#### [Activity]
Reproduce the entries word for word but drop every picture.

──────── Extracted records

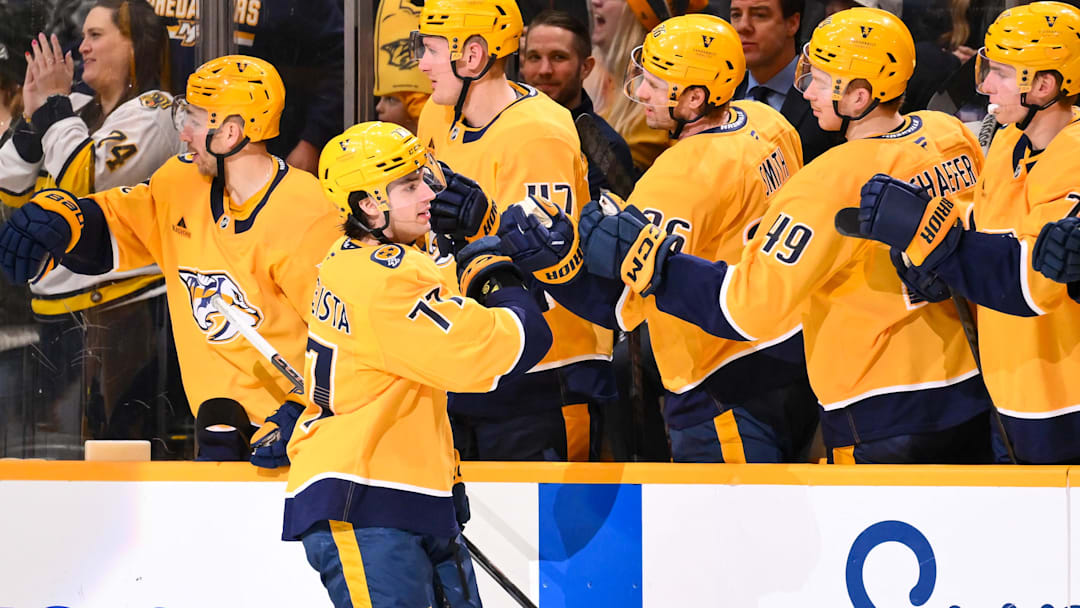 Feb 4, 2026; Nashville, Tennessee, USA;  Nashville Predators right wing Luke Evangelista (77) celebrates with his teammates after scoring a goal against the Minnesota Wild during the second period at Bridgestone Arena. Mandatory Credit: Steve Roberts-Imagn Images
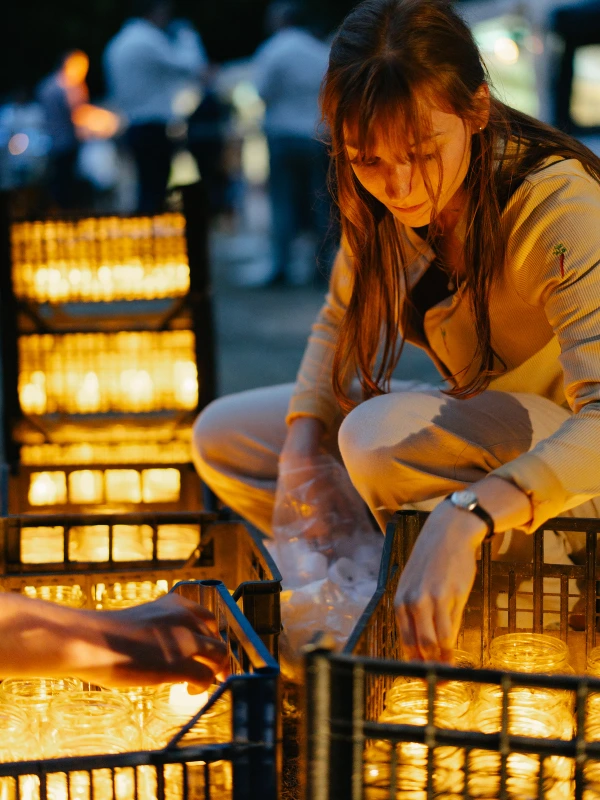 Woman holding candle lantern at evening wedding with warm golden lighting and guests.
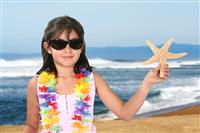 Girl Holding Starfish stock photo
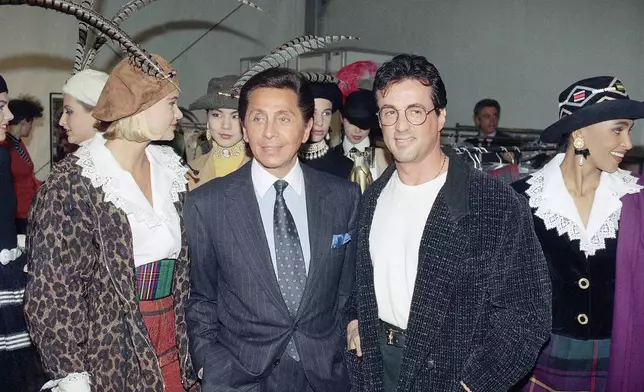 FILE - US actor Sylvester Stallone, right, meets Italian designer Valentino Garavani, left, ready to wear collection on March 17, 1991 in Paris, France. (AP Photo/Remy de la Mauviniere, File)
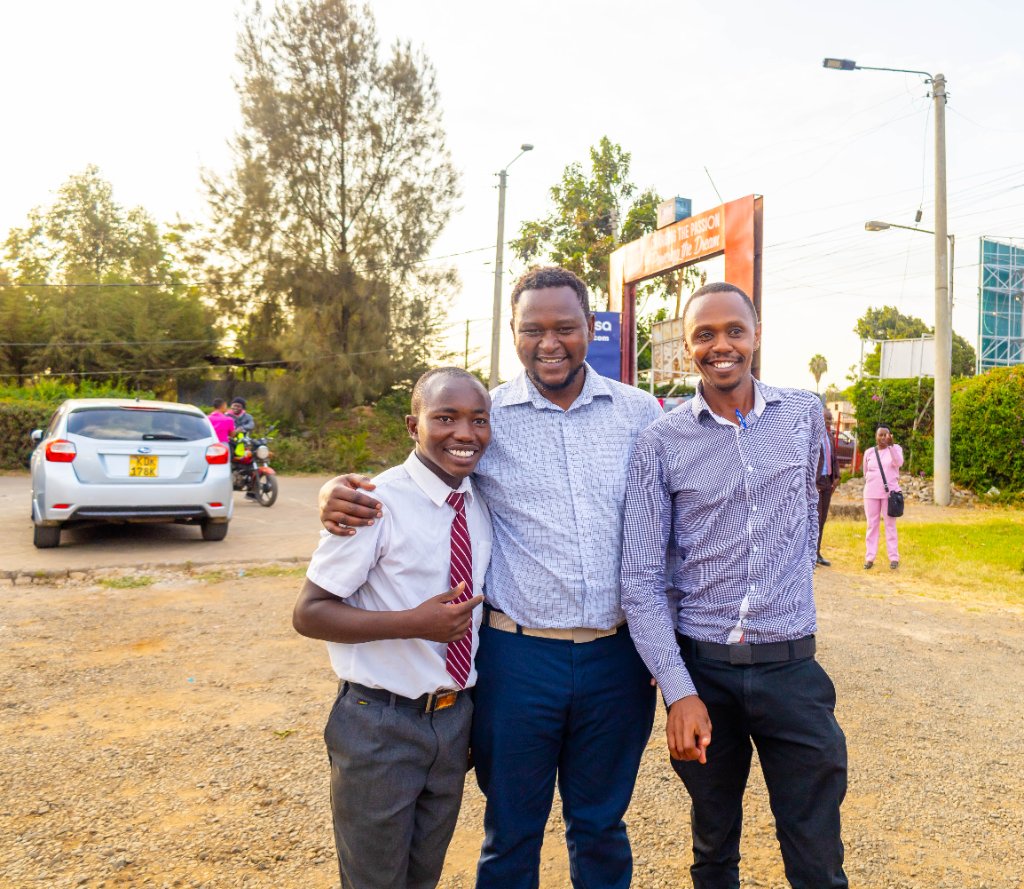 Three smiling attendees at the Digi AI Bus launch event
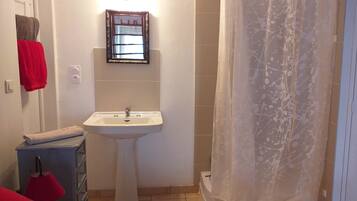 A bathroom with a white sink, a mirror, and a shower curtain.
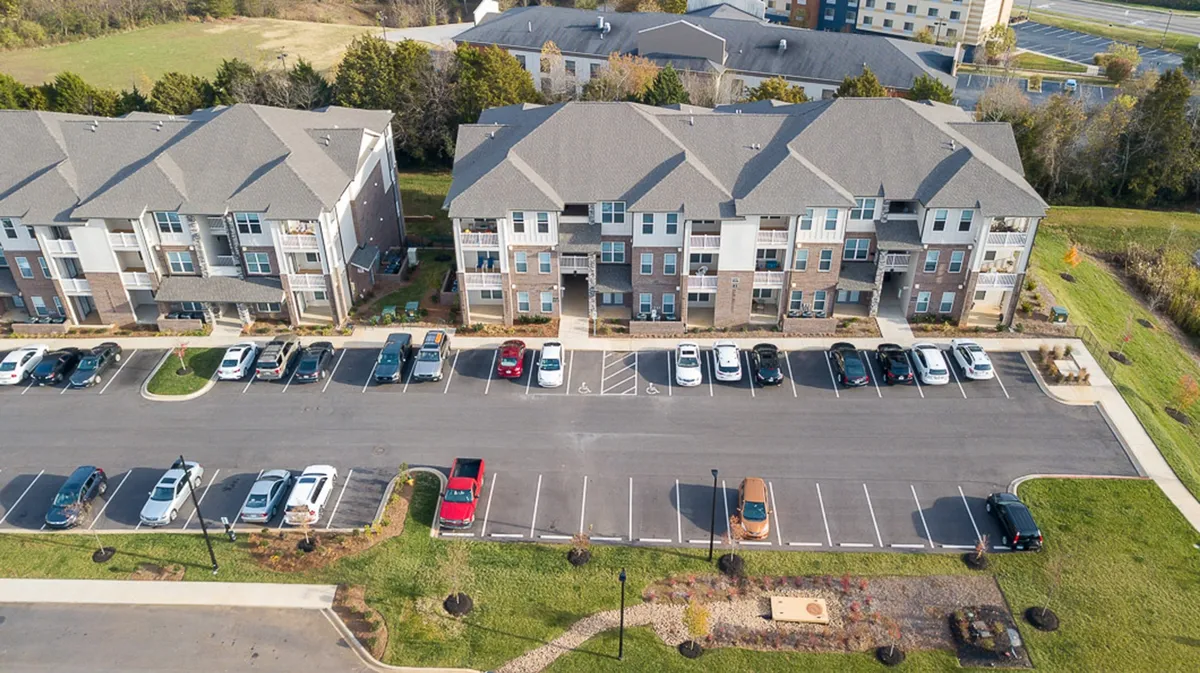 Wide-angle view of the apartment buildings set against a backdrop of green landscape and a welcoming parking area. The scene invites visitors to imagine beginning or ending their adventures with a peaceful stroll or morning coffee amidst the natural setting.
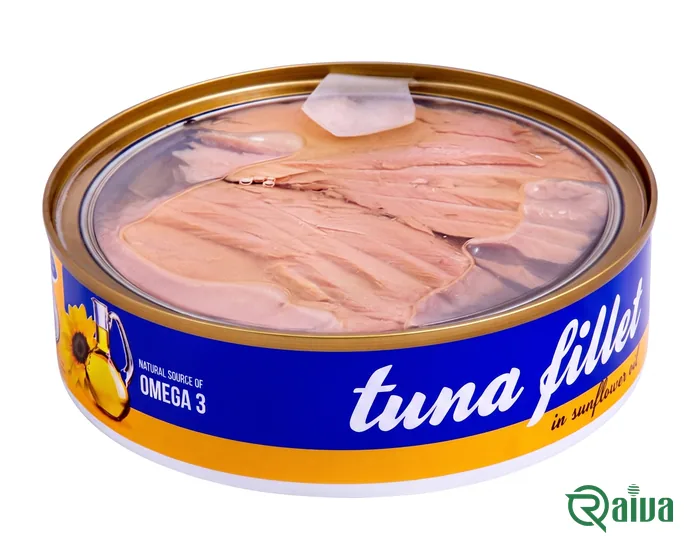 A round can of tuna fillet in sunflower oil under a clear peel-off lid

────────────────

#### [Answer for the task]
 Feb 4, 2026; Nashville, Tennessee, USA;  Nashville Predators right wing Luke Evangelista (77) celebrates with his teammates after scoring a goal against the Minnesota Wild during the second period at Bridgestone Arena. Mandatory Credit: Steve Roberts-Imagn Images
 Woman holding candle lantern at evening wedding with warm golden lighting and guests.
 Girl Holding Starfish stock photo
 FILE - US actor Sylvester Stallone, right, meets Italian designer Valentino Garavani, left, ready to wear collection on March 17, 1991 in Paris, France. (AP Photo/Remy de la Mauviniere, File)
 Three smiling attendees at the Digi AI Bus launch event
 A bathroom with a white sink, a mirror, and a shower curtain.
 Wide-angle view of the apartment buildings set against a backdrop of green landscape and a welcoming parking area. The scene invites visitors to imagine beginning or ending their adventures with a peaceful stroll or morning coffee amidst the natural setting.
 A round can of tuna fillet in sunflower oil under a clear peel-off lid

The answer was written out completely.